On Wed, Jun 28, 2017 at 2:26 PM, Nick Coghlan <ncoghlan at gmail.com> wrote:
> On 28 June 2017 at 21:40, Erik Bray <erik.m.bray at gmail.com> wrote:
>> My colleague's contention is that given
>>
>> lock = threading.Lock()
>>
>> this is simply *wrong*:
>>
>> lock.acquire()
>> try:
>>     do_something()
>> finally:
>>     lock.release()
>>
>> whereas this is okay:
>>
>> with lock:
>>     do_something()
>
> Technically both are slightly racy with respect to async signals (e.g.

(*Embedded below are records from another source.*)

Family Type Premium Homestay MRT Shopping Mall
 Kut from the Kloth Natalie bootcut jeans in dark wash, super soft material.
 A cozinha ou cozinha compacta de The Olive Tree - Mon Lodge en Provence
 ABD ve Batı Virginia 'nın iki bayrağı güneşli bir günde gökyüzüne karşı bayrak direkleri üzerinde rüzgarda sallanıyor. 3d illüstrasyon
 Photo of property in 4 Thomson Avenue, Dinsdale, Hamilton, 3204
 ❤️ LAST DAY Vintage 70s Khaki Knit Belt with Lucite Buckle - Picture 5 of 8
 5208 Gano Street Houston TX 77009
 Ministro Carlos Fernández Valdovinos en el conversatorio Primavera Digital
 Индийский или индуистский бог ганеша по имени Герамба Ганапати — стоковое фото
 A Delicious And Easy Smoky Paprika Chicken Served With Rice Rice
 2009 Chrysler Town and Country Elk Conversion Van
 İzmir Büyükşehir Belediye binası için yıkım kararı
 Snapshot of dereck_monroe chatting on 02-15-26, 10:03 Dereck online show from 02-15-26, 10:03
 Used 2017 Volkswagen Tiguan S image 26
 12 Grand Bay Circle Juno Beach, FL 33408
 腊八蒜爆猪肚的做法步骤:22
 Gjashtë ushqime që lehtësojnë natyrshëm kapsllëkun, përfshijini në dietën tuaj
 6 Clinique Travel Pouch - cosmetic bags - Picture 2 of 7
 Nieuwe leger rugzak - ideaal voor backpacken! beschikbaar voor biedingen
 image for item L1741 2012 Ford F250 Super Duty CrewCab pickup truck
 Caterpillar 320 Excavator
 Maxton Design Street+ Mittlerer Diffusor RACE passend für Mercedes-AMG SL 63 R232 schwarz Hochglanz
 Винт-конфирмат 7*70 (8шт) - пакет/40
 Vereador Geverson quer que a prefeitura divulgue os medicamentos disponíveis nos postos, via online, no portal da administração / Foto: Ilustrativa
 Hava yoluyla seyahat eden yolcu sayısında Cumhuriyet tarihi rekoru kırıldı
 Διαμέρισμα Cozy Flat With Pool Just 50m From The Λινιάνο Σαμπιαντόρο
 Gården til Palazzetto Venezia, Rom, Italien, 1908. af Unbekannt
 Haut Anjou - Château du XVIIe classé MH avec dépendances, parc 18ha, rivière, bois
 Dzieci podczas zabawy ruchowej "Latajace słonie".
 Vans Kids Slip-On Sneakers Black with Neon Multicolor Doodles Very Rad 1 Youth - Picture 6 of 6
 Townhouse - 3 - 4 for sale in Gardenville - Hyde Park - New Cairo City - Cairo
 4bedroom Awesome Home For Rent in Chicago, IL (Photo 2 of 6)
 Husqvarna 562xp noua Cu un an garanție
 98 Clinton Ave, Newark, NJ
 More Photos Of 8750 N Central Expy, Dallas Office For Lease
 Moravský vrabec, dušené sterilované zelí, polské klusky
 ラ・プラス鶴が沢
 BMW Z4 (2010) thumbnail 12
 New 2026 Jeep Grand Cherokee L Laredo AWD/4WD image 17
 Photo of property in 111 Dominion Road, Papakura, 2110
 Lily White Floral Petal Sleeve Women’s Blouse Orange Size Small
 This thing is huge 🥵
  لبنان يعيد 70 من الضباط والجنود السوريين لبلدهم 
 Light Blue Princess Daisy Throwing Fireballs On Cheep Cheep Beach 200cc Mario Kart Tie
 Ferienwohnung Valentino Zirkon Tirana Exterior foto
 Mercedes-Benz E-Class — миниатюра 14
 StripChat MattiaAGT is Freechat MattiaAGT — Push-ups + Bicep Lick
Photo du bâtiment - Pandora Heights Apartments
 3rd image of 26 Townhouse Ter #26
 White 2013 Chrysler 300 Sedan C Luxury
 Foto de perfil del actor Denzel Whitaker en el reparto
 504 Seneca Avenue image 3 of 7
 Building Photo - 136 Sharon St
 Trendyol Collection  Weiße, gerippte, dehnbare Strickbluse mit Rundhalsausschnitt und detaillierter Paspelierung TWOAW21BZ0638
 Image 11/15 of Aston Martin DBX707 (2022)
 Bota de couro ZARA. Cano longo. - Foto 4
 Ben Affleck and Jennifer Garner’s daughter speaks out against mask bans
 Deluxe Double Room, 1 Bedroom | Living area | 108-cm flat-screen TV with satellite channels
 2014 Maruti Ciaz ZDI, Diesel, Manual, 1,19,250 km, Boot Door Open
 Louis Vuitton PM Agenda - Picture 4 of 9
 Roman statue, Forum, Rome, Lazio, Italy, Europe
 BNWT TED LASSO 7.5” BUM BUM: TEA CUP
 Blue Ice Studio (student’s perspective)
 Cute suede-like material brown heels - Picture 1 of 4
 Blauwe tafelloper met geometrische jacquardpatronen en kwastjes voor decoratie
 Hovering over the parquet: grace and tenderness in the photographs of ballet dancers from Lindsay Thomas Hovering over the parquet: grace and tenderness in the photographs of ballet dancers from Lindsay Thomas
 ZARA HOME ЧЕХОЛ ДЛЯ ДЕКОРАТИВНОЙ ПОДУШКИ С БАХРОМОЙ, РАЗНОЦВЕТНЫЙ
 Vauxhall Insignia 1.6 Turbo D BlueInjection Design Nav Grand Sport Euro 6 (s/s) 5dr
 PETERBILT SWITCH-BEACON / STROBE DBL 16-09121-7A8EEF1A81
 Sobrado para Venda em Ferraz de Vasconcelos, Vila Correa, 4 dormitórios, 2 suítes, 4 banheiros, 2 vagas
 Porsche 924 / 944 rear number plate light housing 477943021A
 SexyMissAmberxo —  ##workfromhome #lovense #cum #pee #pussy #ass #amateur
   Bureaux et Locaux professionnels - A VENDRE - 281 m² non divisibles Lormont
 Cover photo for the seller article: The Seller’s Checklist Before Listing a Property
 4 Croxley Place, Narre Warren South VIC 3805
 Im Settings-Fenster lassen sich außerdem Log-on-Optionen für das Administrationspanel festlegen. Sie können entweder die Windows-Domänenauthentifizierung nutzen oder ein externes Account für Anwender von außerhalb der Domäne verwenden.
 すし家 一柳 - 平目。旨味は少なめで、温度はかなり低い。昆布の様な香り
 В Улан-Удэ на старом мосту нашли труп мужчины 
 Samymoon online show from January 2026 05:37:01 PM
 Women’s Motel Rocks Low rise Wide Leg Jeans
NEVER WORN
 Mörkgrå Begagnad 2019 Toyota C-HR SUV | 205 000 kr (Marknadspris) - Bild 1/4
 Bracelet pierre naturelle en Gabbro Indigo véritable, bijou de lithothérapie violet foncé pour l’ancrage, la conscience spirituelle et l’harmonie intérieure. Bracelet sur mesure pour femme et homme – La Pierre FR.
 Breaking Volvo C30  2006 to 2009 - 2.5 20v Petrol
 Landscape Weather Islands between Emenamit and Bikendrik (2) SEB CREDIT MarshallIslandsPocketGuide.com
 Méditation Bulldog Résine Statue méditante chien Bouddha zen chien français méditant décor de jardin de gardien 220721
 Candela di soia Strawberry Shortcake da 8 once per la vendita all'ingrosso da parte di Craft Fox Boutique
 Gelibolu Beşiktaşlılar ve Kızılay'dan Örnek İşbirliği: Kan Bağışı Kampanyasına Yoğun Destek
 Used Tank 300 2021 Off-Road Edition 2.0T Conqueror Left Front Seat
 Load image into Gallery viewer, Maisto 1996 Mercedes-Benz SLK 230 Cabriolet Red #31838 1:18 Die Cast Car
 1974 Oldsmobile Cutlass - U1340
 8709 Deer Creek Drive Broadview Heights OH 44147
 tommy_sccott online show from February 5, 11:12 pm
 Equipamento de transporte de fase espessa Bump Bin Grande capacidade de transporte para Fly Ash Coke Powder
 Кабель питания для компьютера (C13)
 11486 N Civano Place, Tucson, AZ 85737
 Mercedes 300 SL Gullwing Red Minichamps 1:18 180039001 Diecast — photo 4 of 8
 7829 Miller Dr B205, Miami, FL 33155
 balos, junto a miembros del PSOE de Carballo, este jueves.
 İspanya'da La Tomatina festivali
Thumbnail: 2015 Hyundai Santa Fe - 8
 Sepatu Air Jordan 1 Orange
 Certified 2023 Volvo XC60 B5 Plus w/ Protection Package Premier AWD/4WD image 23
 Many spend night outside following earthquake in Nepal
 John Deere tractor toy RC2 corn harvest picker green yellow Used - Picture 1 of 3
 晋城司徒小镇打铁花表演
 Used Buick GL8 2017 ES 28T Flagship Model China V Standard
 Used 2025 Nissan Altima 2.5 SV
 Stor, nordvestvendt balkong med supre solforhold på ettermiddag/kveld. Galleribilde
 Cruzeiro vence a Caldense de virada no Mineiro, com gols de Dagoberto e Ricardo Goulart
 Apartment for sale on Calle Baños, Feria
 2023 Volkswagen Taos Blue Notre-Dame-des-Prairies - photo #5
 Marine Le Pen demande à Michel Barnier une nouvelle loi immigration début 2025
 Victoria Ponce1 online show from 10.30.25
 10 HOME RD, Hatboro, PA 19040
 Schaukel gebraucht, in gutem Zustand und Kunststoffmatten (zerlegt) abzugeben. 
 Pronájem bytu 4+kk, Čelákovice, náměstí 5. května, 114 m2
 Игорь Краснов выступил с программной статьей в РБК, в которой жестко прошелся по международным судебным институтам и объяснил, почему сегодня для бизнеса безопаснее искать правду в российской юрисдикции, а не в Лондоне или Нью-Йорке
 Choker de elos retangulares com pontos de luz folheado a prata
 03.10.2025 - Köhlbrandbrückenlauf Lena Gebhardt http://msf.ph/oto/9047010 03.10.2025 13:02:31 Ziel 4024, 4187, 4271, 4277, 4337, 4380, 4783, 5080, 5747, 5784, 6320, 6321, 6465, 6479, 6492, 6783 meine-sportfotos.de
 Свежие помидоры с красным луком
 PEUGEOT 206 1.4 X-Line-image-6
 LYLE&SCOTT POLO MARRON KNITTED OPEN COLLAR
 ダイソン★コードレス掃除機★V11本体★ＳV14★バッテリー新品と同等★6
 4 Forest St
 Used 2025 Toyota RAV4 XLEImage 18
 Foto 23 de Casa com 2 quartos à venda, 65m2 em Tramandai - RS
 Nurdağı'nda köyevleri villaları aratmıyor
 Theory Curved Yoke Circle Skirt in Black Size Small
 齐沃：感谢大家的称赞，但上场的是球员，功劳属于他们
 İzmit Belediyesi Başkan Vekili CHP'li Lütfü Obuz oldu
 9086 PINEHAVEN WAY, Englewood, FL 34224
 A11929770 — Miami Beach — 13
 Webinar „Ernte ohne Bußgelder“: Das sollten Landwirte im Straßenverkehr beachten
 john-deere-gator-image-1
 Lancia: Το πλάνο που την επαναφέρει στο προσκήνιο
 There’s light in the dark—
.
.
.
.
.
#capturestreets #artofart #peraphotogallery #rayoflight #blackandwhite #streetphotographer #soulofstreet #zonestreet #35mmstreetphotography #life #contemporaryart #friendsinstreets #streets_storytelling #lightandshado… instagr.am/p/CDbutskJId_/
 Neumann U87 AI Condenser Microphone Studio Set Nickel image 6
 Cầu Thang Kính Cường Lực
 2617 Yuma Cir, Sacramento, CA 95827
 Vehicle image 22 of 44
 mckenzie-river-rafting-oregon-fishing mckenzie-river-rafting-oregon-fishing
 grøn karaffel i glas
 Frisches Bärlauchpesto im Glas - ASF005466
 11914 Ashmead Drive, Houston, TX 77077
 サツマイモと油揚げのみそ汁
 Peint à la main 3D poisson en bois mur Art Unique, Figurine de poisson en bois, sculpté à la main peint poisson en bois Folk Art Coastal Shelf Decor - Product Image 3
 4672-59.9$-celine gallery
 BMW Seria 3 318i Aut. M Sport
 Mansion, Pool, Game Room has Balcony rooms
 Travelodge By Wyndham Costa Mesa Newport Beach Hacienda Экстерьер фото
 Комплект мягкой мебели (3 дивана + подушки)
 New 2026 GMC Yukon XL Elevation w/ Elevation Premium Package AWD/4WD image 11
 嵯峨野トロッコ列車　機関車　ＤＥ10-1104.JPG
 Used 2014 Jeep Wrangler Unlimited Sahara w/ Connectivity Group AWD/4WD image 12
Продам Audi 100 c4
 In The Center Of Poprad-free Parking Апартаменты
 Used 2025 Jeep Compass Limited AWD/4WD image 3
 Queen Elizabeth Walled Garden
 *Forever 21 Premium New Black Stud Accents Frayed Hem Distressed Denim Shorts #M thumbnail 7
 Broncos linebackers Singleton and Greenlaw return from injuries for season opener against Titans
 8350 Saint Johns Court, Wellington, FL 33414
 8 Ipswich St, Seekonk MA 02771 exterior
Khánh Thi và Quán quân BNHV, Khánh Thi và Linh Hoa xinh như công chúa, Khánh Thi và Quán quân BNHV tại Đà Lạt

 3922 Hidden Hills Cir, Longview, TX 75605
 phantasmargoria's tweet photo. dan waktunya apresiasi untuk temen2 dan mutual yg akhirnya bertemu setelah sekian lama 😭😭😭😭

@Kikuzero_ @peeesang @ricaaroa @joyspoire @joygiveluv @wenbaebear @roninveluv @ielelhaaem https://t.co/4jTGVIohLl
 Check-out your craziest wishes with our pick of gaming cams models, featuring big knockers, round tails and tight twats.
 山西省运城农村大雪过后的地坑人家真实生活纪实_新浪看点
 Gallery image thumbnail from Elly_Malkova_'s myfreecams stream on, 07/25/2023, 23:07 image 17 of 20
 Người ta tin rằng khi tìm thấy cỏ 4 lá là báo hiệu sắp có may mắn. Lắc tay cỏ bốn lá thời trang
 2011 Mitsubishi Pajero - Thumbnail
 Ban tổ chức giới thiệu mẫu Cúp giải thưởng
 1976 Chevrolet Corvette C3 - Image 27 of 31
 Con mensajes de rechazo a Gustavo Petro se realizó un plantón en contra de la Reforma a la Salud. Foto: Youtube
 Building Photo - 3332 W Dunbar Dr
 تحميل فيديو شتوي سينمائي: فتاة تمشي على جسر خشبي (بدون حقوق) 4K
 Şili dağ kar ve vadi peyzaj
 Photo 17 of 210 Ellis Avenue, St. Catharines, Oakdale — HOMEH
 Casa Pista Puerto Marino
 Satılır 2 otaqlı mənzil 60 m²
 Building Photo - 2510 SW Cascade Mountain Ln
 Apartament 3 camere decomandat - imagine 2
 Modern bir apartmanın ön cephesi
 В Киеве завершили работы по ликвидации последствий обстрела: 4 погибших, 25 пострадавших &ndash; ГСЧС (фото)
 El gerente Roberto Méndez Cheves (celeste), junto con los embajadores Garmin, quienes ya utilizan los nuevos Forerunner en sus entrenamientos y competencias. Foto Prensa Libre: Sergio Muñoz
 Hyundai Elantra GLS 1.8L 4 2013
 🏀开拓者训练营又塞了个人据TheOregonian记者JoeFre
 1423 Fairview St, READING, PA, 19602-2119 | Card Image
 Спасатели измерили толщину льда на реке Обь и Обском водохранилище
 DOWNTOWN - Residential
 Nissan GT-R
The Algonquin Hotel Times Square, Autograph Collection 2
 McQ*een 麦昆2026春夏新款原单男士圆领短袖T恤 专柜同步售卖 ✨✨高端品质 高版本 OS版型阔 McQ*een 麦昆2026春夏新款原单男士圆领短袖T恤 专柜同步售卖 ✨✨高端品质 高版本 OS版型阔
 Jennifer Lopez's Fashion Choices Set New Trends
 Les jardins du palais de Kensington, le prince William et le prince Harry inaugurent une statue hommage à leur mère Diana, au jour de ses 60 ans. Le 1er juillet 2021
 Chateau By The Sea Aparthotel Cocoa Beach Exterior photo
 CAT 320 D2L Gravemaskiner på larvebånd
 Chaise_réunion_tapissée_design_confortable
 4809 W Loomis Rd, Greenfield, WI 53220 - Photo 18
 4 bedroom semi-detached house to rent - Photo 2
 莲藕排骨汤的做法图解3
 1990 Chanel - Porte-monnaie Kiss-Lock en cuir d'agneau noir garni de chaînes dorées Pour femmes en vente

> KeyboardInterrupt), but the with statement form is less exposed to the
> problem (since it does more of its work in single opcodes).
>
> Nathaniel Smith posted a good write-up of the technical details to the
> issue tracker based on his work with trio:
> https://bugs.python.org/issue29988

Interesting; thanks for pointing this out.  Part of me felt like this
has to have come up before but my searching didn't bring this up
somehow (and even then it's only a couple months old itself).

I didn't think about the possible race condition before
WITH_CLEANUP_START, but obviously that's a possibility as well.
Anyways since this is already acknowledged as a real bug I guess any
further followup can happen on the issue tracker.